* [ABOUT THIS EXERCISE]:
Starting at the line that contains "this 1092×1092 image.", set down each line exactly until the records end, keeping both ends and adding nothing.

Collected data
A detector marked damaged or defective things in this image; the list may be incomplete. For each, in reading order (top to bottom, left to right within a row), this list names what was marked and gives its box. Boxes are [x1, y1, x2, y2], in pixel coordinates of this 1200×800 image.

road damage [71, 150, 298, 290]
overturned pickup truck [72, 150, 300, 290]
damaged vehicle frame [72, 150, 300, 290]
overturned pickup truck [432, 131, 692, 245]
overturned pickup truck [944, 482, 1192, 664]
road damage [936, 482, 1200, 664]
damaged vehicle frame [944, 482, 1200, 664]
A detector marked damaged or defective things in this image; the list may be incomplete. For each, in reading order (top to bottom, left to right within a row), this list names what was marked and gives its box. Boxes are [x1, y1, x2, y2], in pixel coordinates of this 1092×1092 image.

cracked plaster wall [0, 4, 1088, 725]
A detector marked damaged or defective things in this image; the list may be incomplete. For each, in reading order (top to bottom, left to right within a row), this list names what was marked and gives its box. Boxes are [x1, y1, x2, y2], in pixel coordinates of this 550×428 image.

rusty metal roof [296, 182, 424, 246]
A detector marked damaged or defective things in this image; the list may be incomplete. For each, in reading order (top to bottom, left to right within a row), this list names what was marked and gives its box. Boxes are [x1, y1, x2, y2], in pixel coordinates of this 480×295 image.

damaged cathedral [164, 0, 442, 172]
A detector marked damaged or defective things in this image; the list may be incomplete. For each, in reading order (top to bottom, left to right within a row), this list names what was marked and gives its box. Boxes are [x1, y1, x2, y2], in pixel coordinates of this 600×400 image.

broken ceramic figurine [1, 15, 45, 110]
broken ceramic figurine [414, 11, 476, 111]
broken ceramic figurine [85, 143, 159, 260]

* [ANSWER BOX]:
A detector marked damaged or defective things in this image; the list may be incomplete. For each, in reading order (top to bottom, left to right within a row), this list names what was marked and gives its box. Boxes are [x1, y1, x2, y2], in pixel coordinates of this 1092×1092 image.

cracked plaster wall [0, 4, 1088, 725]
A detector marked damaged or defective things in this image; the list may be incomplete. For each, in reading order (top to bottom, left to right within a row), this list names what was marked and gives its box. Boxes are [x1, y1, x2, y2], in pixel coordinates of this 550×428 image.

rusty metal roof [296, 182, 424, 246]
A detector marked damaged or defective things in this image; the list may be incomplete. For each, in reading order (top to bottom, left to right within a row), this list names what was marked and gives its box. Boxes are [x1, y1, x2, y2], in pixel coordinates of this 480×295 image.

damaged cathedral [164, 0, 442, 172]
A detector marked damaged or defective things in this image; the list may be incomplete. For each, in reading order (top to bottom, left to right within a row), this list names what was marked and gives its box. Boxes are [x1, y1, x2, y2], in pixel coordinates of this 600×400 image.

broken ceramic figurine [1, 15, 45, 110]
broken ceramic figurine [414, 11, 476, 111]
broken ceramic figurine [85, 143, 159, 260]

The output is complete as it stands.